### Material for the task

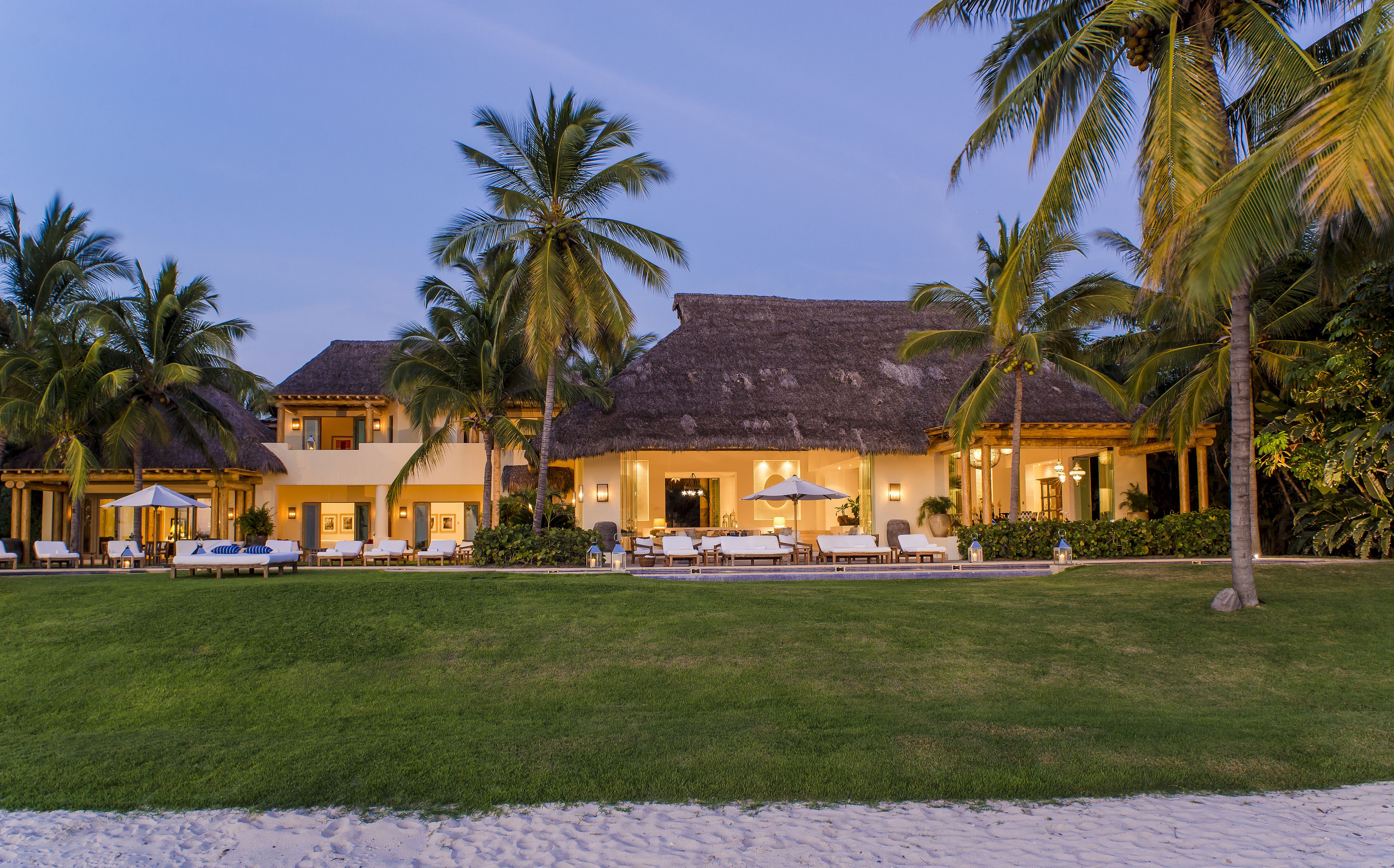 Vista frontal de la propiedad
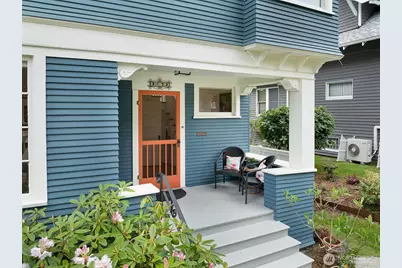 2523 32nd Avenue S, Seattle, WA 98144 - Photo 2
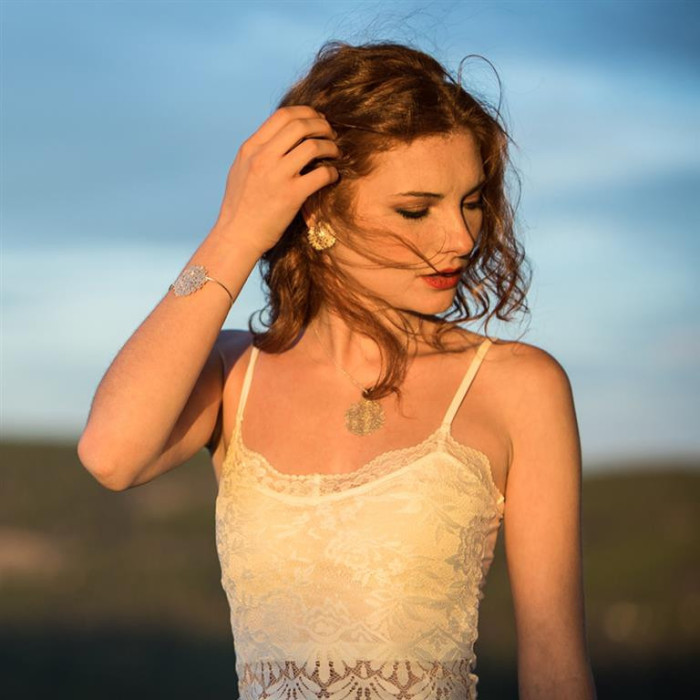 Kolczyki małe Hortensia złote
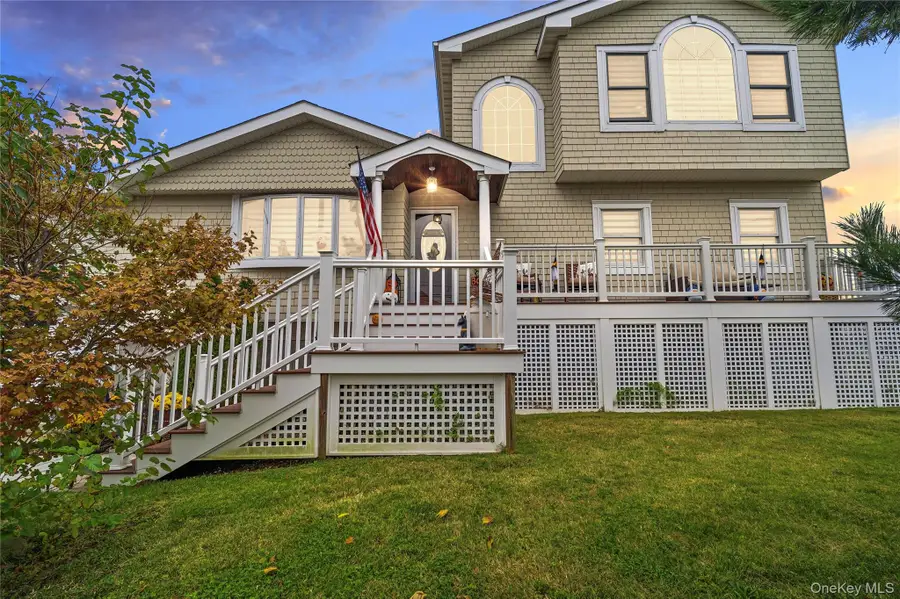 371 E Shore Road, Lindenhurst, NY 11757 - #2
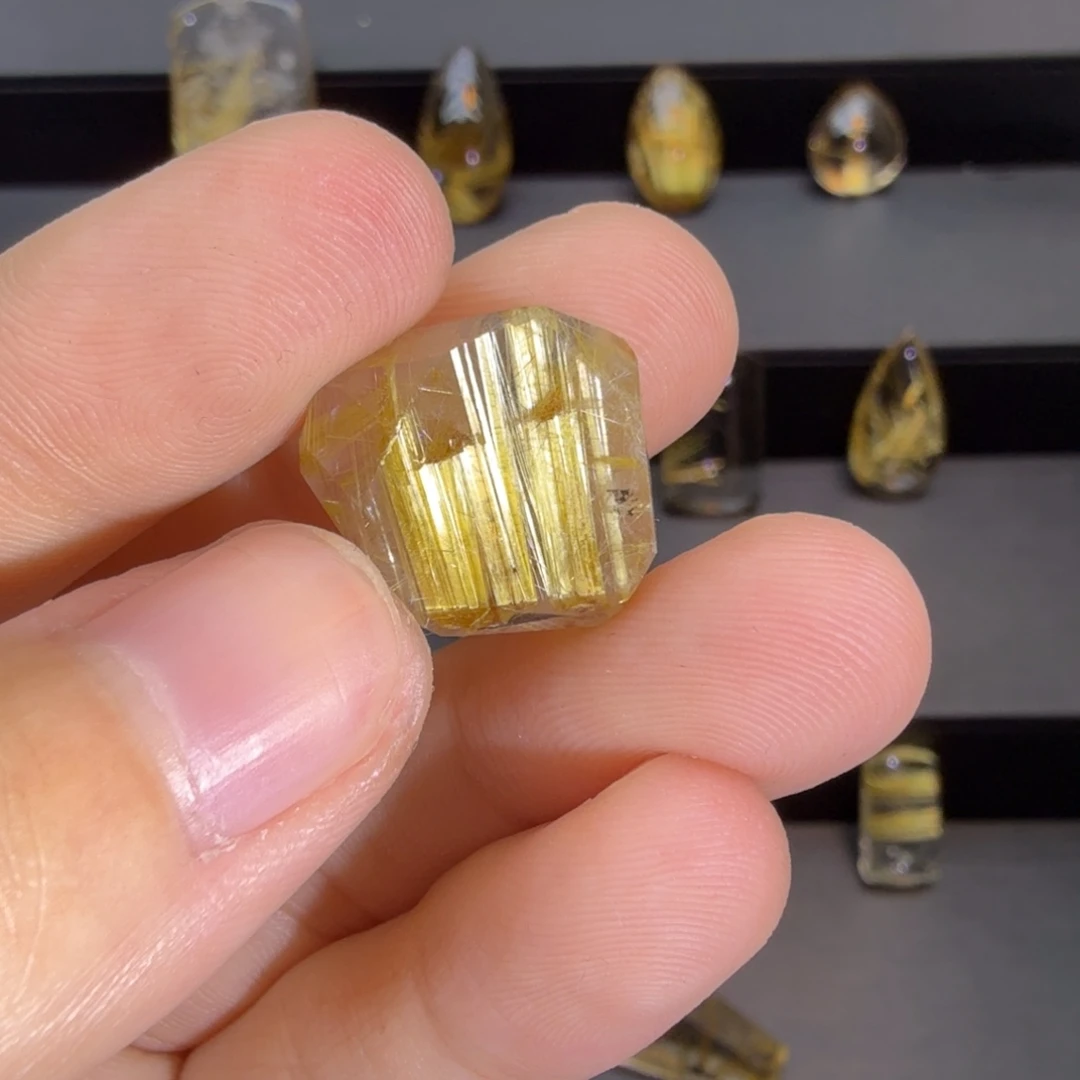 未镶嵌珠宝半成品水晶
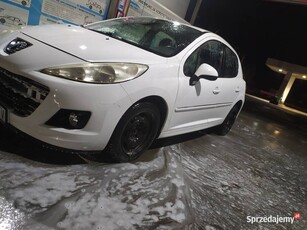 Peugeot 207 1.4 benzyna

### Exercise
Please repeat the lines that run from the one holding "Kolczyki małe Hortensia złote" to the last line of the material, both included, exactly and without pictures.

### Exercise output
 Kolczyki małe Hortensia złote
 371 E Shore Road, Lindenhurst, NY 11757 - #2
 未镶嵌珠宝半成品水晶
 Peugeot 207 1.4 benzyna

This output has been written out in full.